Casi con toda seguridad, en la escuela de los Medici había instructores que eran rabinos y que explicaron a Miguel Ángel el alfabeto hebreo y el significado esotérico de cada letra. Un conocimiento que queda ampliamente demostrado por las letras hebreas que aparecen ocultas en los gestos y en las poses de muchas figuras de los frescos.

La influencia de la cultura judía se hace patente incluso en El Juicio Final. El enorme fresco sigue claramente la forma de las tablas de la ley de Moisés. Y ello es gracias no sólo a la forma de la capilla, sino también al hecho de que Miguel Ángel, antes de pintar El Juicio, había tapiado las dos ventanas que ocupaban gran parte de la pared de encima del altar y había hecho construir una nueva pared sobre la original.
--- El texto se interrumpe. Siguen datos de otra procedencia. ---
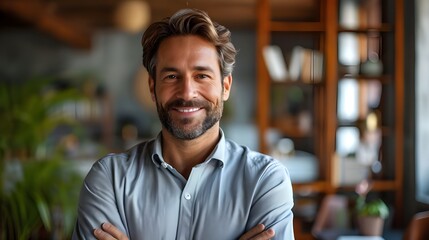 Obraz premium Smilling businessman in casual attire within a contemporary office, framed by a stylish blurred bokeh background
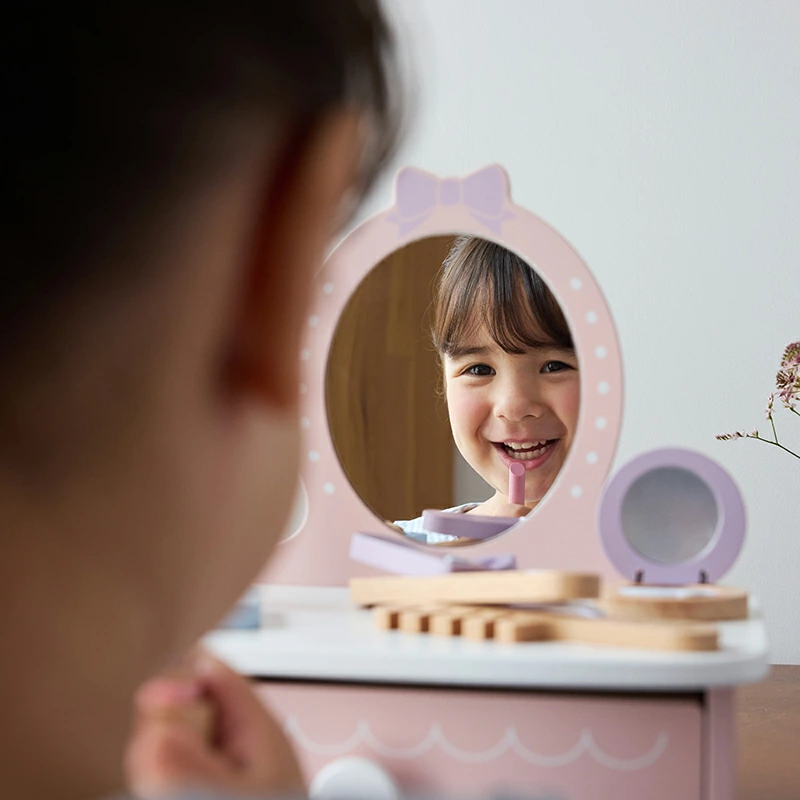 ドレッサー＆メイクセット 木のおもちゃ ごっこ遊びが楽しめる PolarB ミラー お洒落 女の子遊び 出産祝い 知育玩具 遊び方はいろいろ ラッピング無料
Un toque final y exquisito: muy poca gente se ha dado cuenta de que Miguel Ángel situó dos judíos en el Paraíso muy próximos a la poderosa figura de Jesús. Si se observa con atención, por encima del hombro del joven Jesucristo rubio, y pintados por encima de San Pedro, aparecen con claridad dos judíos. Son fácilmente reconocibles no sólo por sus rasgos faciales característicos, sino también porque el primer hombre luce el típico sombrero de dos picos que los varones judíos estaban obligados a llevar para reforzar el prejuicio medieval de que esa gente, descendientes del diablo, tenía cuernos. El segundo hombre lleva el sombrero amarillo que los judíos estaban obligados a lucir en público.

Al final de esta fascinante experiencia lectora, los lectores se darán cuenta de que el rabino Benjamin Blech y Rod Doliner nos han guiado para, bajo una perspectiva completamente novedosa, ver no sólo la capilla Sixtina, sino también toda la obra artística de Miguel Ángel, incluyendo el monumento a Julio II, el famoso Moisés y las diversas esculturas de la Pietà que hay repartidas por toda Italia.

Llegaremos a apreciar, tal y como subrayan los autores, que el auténtico mensaje de la obra de Miguel Ángel es el de un puente tendido entre las dos creencias, el judaísmo y el cristianismo, entre la humanidad y Dios, y, quizá el más difícil de todos, entre cada persona y su ser espiritual.

Igual que el trabajo de Miguel Ángel en la capilla Sixtina cambió para siempre el mundo del arte, este libro cambiará para siempre la manera de ver y, sobre todo, de comprender la obra de Miguel Ángel.